Work required
Without including any pictures, give back all of the data exactly.

Stored data
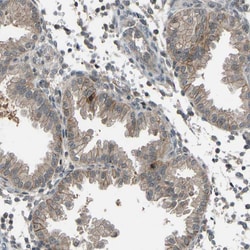 Invitrogen SLC43A1 Polyclonal Antibody 100 &mu;L; Unconjugated:Antibodies,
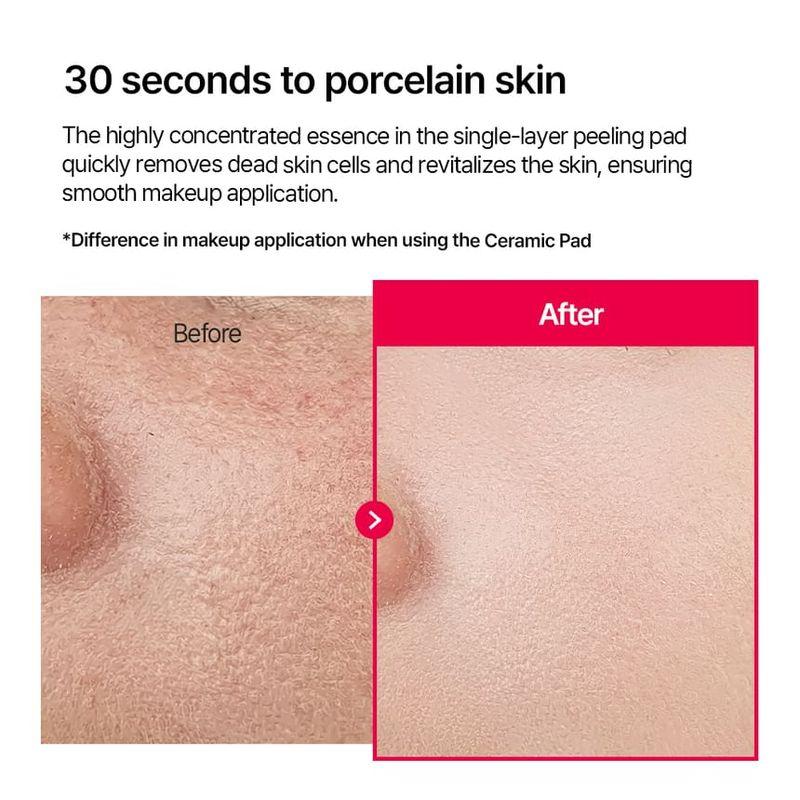 Parnell - Ceramic Pad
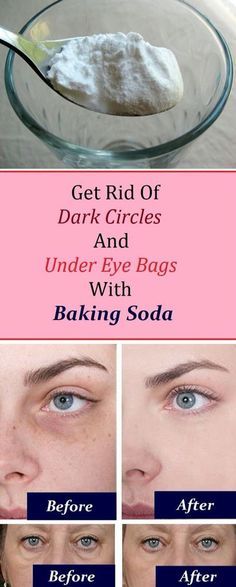 Eye bags: 1. Add 1 teaspoon of backing soda in a glass of hot water or tea and mix it well. 2. Take a pair of cotton pads and soak them in the solution and place them under the eye. 3. Let it sit for 10-15 minutes, then rinse it off and apply a moisturizer Practicing this procedure daily will render amazing results in just a week. Obličejové Masky, Remove Dark Circles, Under Eye Bags, Skin Remedies, Eye Bags, روتين العناية بالبشرة, Skin Tips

Result of this exercise
 Invitrogen SLC43A1 Polyclonal Antibody 100 &mu;L; Unconjugated:Antibodies,
 Parnell - Ceramic Pad
 Eye bags: 1. Add 1 teaspoon of backing soda in a glass of hot water or tea and mix it well. 2. Take a pair of cotton pads and soak them in the solution and place them under the eye. 3. Let it sit for 10-15 minutes, then rinse it off and apply a moisturizer Practicing this procedure daily will render amazing results in just a week. Obličejové Masky, Remove Dark Circles, Under Eye Bags, Skin Remedies, Eye Bags, روتين العناية بالبشرة, Skin Tips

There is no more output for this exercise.